The law in England and Wales requires the petitioning party to evidence their marriage has broken down irretrievably. The court must be satisfied that one of five defined circumstances exist to evidence that. Two such circumstances are that the parties have lived apart for two years and the respondent consents to the divorce, or five years without such consent.  Whilst it was recognised that the Owens’ marriage did appear to be over, Mrs Owens failed to prove Mr Owens’ alleged behaviour.  The parties separated in 2015.  Mrs Owens will now have to wait until 2020 before she can go on to seek a divorce. 

Whilst many are now voicing enthusiasm for the reform of the divorce law, with a view to bringing it into line with other jurisdictions, such as Scotland, the controversial ruling will no doubt have raised questions around finances and procedures for those looking to break ties with a spouse. 

Had a Scottish court been presented with Mrs Owens’ case, it is very unlikely that she would have found herself in the position of remaining married to Mr Owens. That’s because a different system for divorce exists in Scotland.  Under the Divorce (Scotland) Act 1976, a party will still have to establish the marriage has broken down irretrievably but the time periods for separation are much shorter than that of England and Wales, namely two years without the consent of the defender, or one year with consent.  In addition, a divorce could be obtained if it can be proved the defender has committed adultery or their behaviour is such that the pursuer cannot reasonably be expected to live with them, which is similar to England and Wales. However, it is clear that the “no-fault” grounds are patently more accessible.

Of note is that, before a court in Scotland would grant a divorce, it requires to be satisfied that appropriate arrangements for any children have been made and that financial matters have been resolved.  The court can be asked to make various orders regarding these matters in terms of separate family law legislation. 

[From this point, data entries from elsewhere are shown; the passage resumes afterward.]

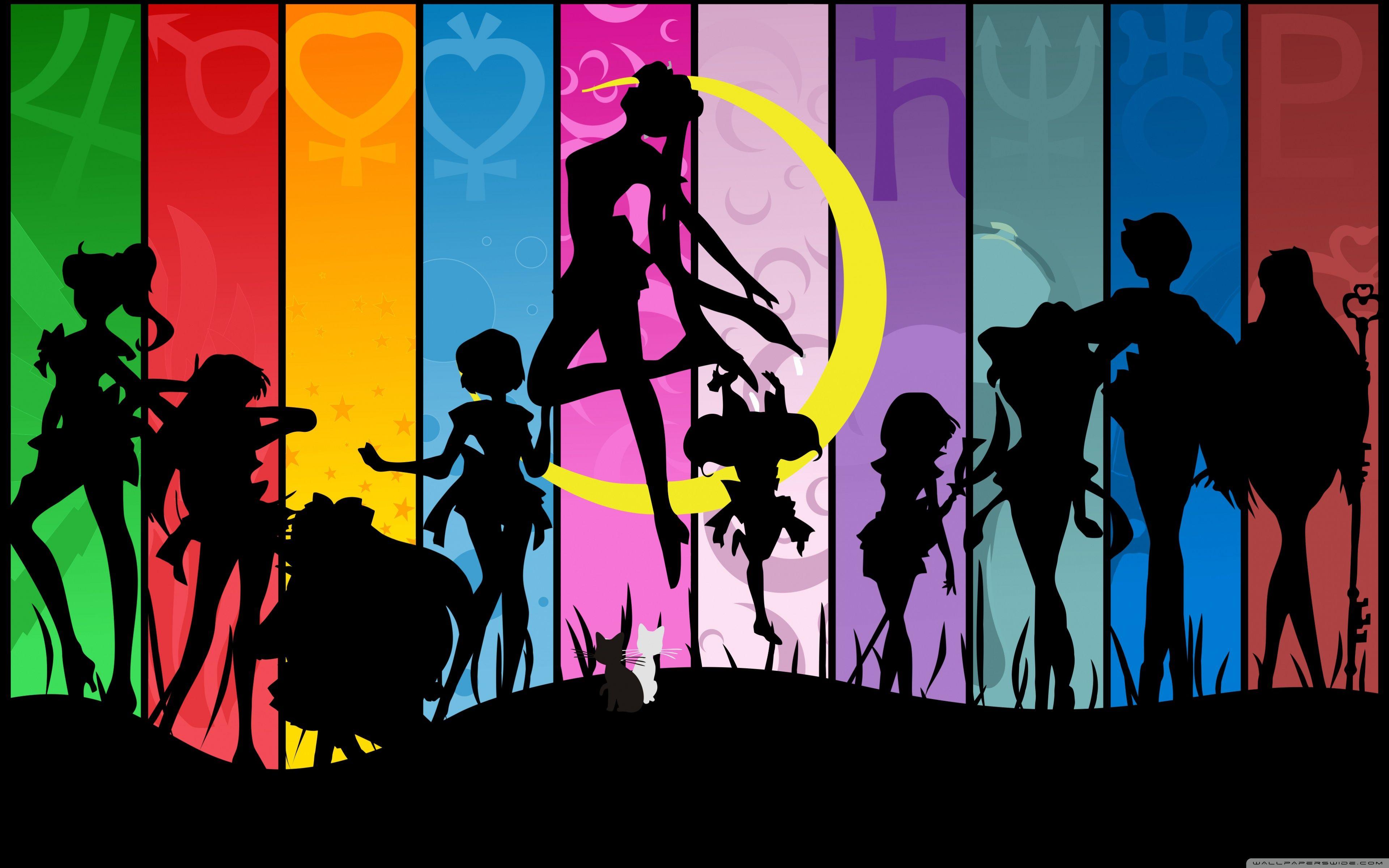 3840x2400 Sailor Moon Silhouette Wallpaper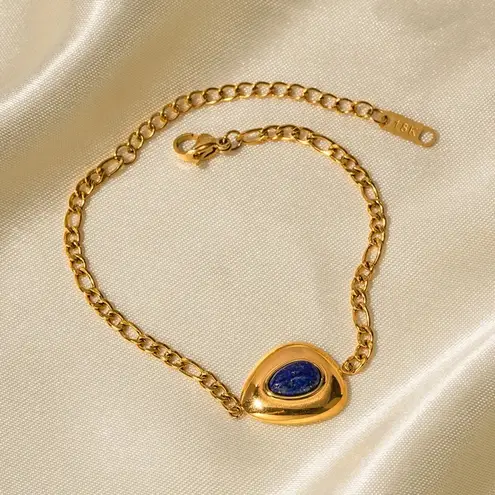 Non tarnish 18k gold plated stainless steel long lasting waterproof triangle lapis pendant stone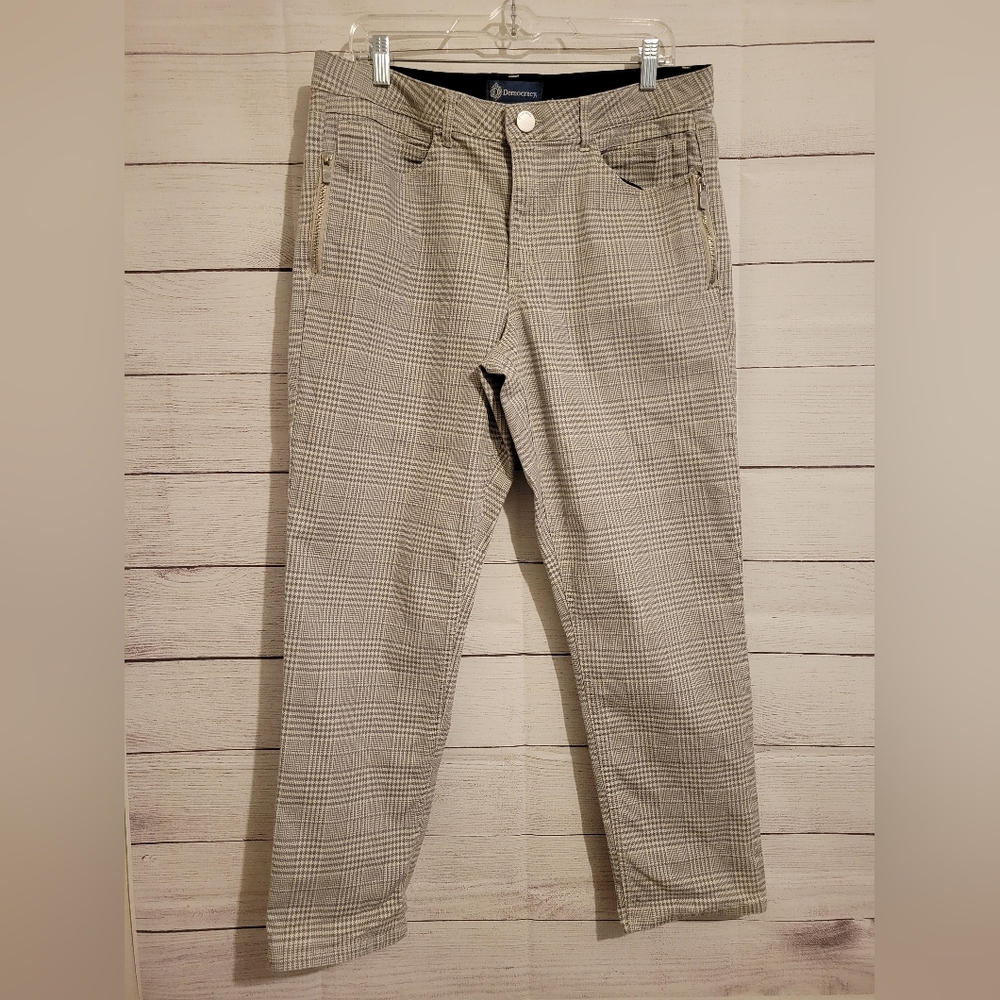 Democracy “Ab"solution Plaid  Ankle Skimmer Pants Size 16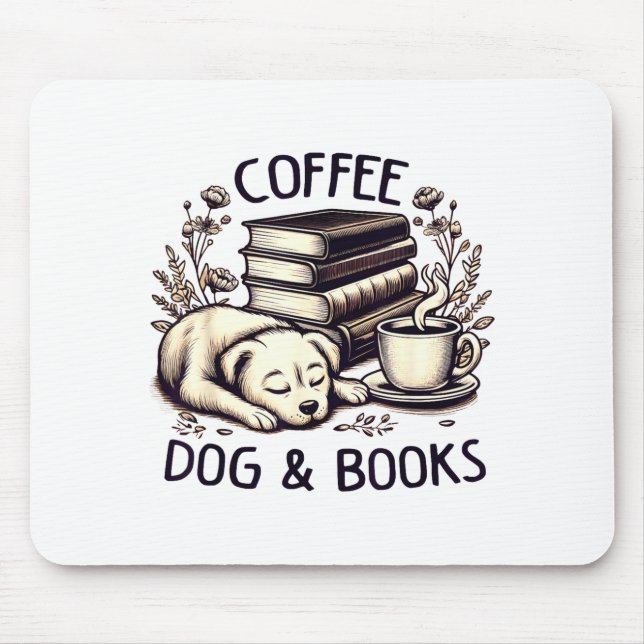 Funny Cute Coffee Dog Books Lover Women Men Kids  Mouse Pad (Front)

As far as financial provision goes in Scotland, both parties are entitled to a fair share of the matrimonial property.  This is generally presumed to be an equal share unless there are special circumstances to justify a deviation.  Matrimonial property comprises any asset or interest acquired during the marriage whether by the parties individually or jointly, with some exceptions, and the majority of the matrimonial property is valued as at the parties’ date of separation.  

The regime of financial provision applies irrespective of whether an application is made for divorce with reliance on the “no-fault” grounds or otherwise.  Parties can however agree to contract out of the legislative framework in Scotland and pre-nuptial/post-nuptial agreements are becoming more popular with those wishing to document exactly what should happen financially in the event of a future separation. Those looking for advice on this should speak to a family lawyer.

Times have changed and it is clear that family law in Scotland has kept up with the pace, leading us to speculate on the increasing pressure from those looking for reform within the English and Welsh system.  The case of Owens may well lead the charge.